L’Université Concordia permettra aux étudiants d’opter pour la notation succès-échec

MONTRÉAL — Afin d’aider sa communauté étudiante durant cette session à distance, l’Université Concordia a annoncé qu’elle permettra à ses étudiants de remplacer leur note finale par une mention «succès» ou «échec» pour un de leurs cours à la session d’automne.

Cette mesure avait été utilisée dans la majorité des universités du Québec à la dernière session d’hiver, lorsque l’enseignement était rapidement passé en mode virtuel. Elle permet aux étudiants d’éviter qu’une moins bonne note à leur dossier provoque une chute de leur moyenne universitaire.

«Les étudiantes et étudiants semblent plus durement touchés par l’isolement physique et social qui accompagne cette période prolongée de téléapprentissage», a reconnu la vice-rectrice exécutive par intérim aux affaires académiques de l’université, Anne Whitelaw.

Si les étudiants avaient la possibilité de choisir une mention succès-échec pour tous leurs cours l’hiver dernier, ils devront cette fois faire un choix à Concordia, puisqu’ils ne pourront se prévaloir de cette option que dans un seul de leurs cours cet automne. Ils auront cette même option l’hiver prochain.

Pour justifier le retour de cette mesure exceptionnelle, Mme Whitelaw explique que «tous les étudiants et étudiantes ne bénéficient pas d’un cadre d’apprentissage optimal leur permettant de réaliser leur plein potentiel durant la pandémie». Elle souligne toutefois que la qualité de l’enseignement n’est pas remise en cause.

Selon la présidente de l’Union étudiante du Québec, Jade Marcil, la mention succès-échec permet de diminuer la compétition entre les étudiants, ce qui implique aussi une réduction du stress et de l’anxiété.

«Certains professeurs ont eu beaucoup de difficulté à adapter la charge de travail qu’ils ont demandée à la population étudiante lors de cette session à distance. Il y a donc beaucoup de détresse en ce moment», a affirmé Mme Marcil.

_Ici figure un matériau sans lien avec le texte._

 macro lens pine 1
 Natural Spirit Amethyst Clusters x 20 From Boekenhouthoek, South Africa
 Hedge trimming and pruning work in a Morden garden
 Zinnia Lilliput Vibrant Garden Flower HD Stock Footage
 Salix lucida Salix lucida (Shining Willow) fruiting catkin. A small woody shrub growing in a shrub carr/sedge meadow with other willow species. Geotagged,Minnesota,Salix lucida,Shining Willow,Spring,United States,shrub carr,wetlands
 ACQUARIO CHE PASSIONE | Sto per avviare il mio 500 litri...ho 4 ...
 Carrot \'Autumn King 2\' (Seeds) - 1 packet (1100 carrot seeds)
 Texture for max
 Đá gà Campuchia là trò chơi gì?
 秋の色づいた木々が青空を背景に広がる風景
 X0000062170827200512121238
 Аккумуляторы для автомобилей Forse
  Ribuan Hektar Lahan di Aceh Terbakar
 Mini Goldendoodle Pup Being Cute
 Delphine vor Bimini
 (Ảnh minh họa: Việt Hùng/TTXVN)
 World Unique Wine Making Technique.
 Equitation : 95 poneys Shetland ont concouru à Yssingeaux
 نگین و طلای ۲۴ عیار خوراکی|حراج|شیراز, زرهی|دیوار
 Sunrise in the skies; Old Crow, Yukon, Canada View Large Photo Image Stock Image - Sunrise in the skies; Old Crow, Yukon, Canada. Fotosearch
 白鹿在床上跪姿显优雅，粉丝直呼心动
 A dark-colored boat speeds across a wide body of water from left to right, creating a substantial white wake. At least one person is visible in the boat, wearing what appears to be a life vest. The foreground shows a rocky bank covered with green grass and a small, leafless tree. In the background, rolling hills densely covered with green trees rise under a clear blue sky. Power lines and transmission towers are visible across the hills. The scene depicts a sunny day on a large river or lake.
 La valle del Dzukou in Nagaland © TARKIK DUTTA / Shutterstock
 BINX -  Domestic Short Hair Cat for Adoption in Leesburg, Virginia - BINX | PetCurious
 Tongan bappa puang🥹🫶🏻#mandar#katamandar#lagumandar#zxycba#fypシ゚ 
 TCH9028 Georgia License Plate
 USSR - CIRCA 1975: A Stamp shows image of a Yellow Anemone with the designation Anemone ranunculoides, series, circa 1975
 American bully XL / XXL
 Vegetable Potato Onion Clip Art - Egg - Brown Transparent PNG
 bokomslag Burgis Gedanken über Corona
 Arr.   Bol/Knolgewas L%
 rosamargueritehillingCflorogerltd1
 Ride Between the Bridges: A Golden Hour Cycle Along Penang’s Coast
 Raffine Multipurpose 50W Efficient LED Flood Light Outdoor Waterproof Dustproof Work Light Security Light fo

La notation succès-échec permet donc de «réduire l’anxiété de performance», explique-t-elle.

À l’Université Bishop’s, la décision de permettre aux étudiants de choisir une mention succès-échec pour leurs cours de la session d’automne a été prise dès le mois de novembre, à la suite de demandes formulées par les étudiants.

«Le sondage réalisé par le Conseil représentatif des étudiants auprès de tous les étudiants souligne que les jeunes sont aux prises avec des problèmes de santé mentale et de solitude et qu’ils sont dépassés par les réalités et la charge de travail des études en ligne», avaient alors expliqué le vice-principal académique de l’université, Miles Turnbull, et le vice-président des dossiers académiques du Conseil représentatif des étudiants, Georges-Philippe Gadoury-Sansfaçon, dans un message aux étudiants.

Les étudiants de l’Université Bishop’s pourront opter pour une notation succès-échec pour tous leurs cours s’ils le désirent cet automne.

La mention succès-échec sera disponible à Concordia et Bishop’s, mais de nombreux étudiants qui fréquentent d’autres universités ne pourront en profiter.

«Plusieurs associations étudiantes ont demandé à leur administration de réfléchir — et éventuellement de permettre — la notation succès-échec pour la session d’automne, mais elles ont reçu des refus catégoriques au début de la session», déplore Jade Marcil.

Elle aurait d’ailleurs souhaité que plus d’universités reconduisent la mention succès-échec, et que les décisions soient plus équitables entre les différents établissements d’enseignement.

«Nous sommes toujours en confinement, il y a des difficultés économiques et il y a des difficultés sociales, donc donner accès à toute la communauté étudiante à la mention succès-échec aurait été une très belle avancée des universités pour soutenir la santé psychologique des communautés étudiantes.»